Beauty in Iraq
I've transitioned to days and what a difference!
I made my way outside just after dawn for my first flight. The sun wasn't quite 20 degrees off the horizon, but it was much brighter than I remembered. When I opened the garage-sized door to the flight operations building, the wind swung it away from me -- but when I went to grab for it, I had to shut my eyes due to the intensity of light.
Off balance and blinking, carrying my helmet bag filled with check lists and maps, I wasn't able to get the door under control until a passing crew chief saw my dilemma and leant a hand. I stood there squinty eyed thanking him. It took me about five minutes to finally adjust to daylight by opening and closing my eyes as I made my way to the helicopter.
Performing the preflight checks on the helicopter took about half the time of night preflight. The next thing I noticed, as we took off, was a subtle green patch. With spring officially one day old, there seemed to be a bit of grass sprouting about base -- but not enough to warrant changing my description of Al Asad as a large dirt pile, shaped into an air base.
On the horizon, along the Euphrates River, the green was much more vivid and in sharp contrast to the miles of dirt surrounding it. I was used to the monochromatic green of the view from night vision goggles, but now I could see the actual colors and they were startling. Deep green plants and palm trees surrounding the water. Semi-clear, but azure blue water in the river as we flew over it.
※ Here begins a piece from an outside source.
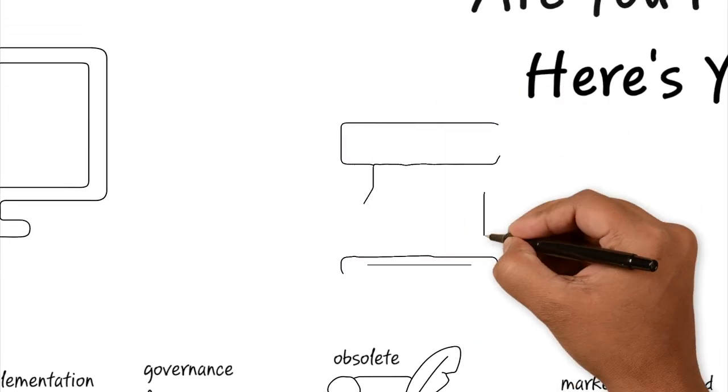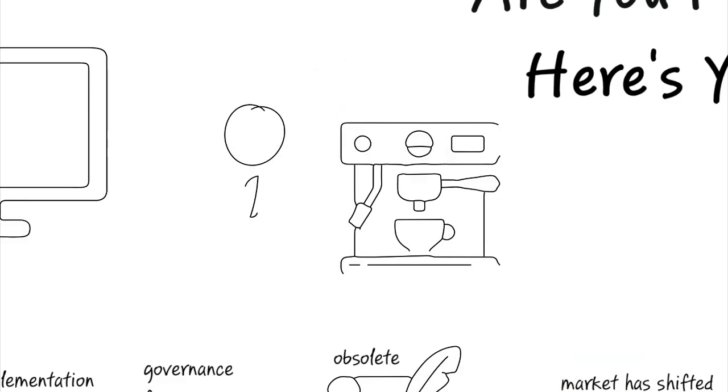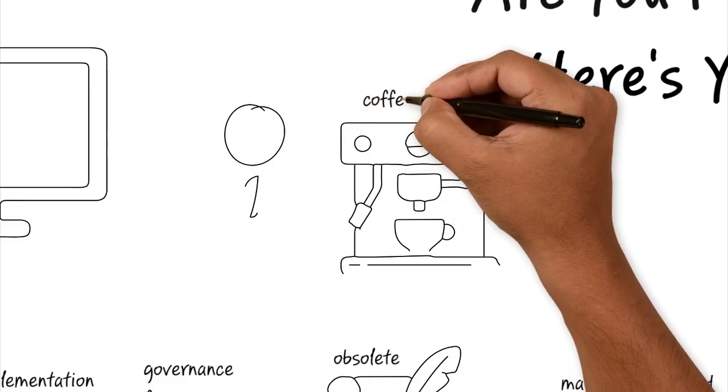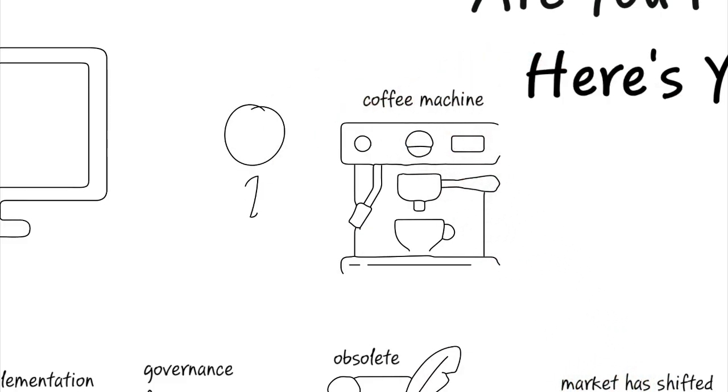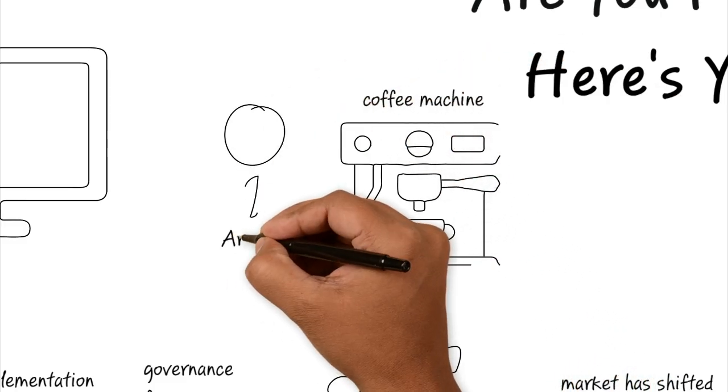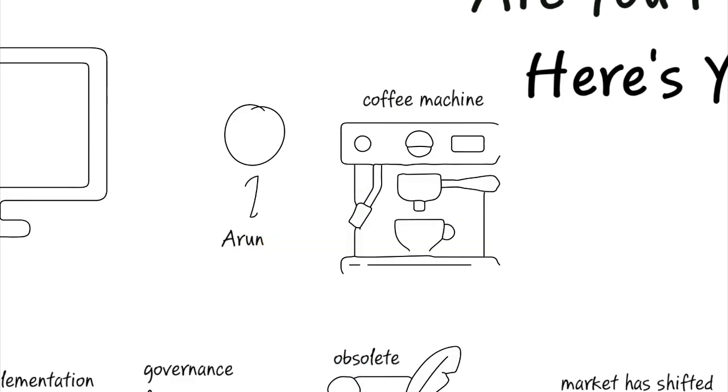Frustrated and exhausted, Sam is heading to the break room for a cup of coffee. And there he bumps into Arun, who is a new summer intern. Arun is trying to figure out how the coffee machine is supposed to work.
Contrasted with the vegetation and the river water, the one story, cubic houses -- most of them the color of dirt -- gave the landscape the look of a place where I might like to vacation. Then, farther down the river, there were even ruins spanning partway across, the remains of dams and irrigation channels perhaps thousands of years old.
Overall my short flight over the area proved to be an eye opener. I'd experienced Iraq as a desolate land of dirt and dust, but learned parts of it, at least, are beautiful to see. This is definitely not the Iraq we see or hear about often.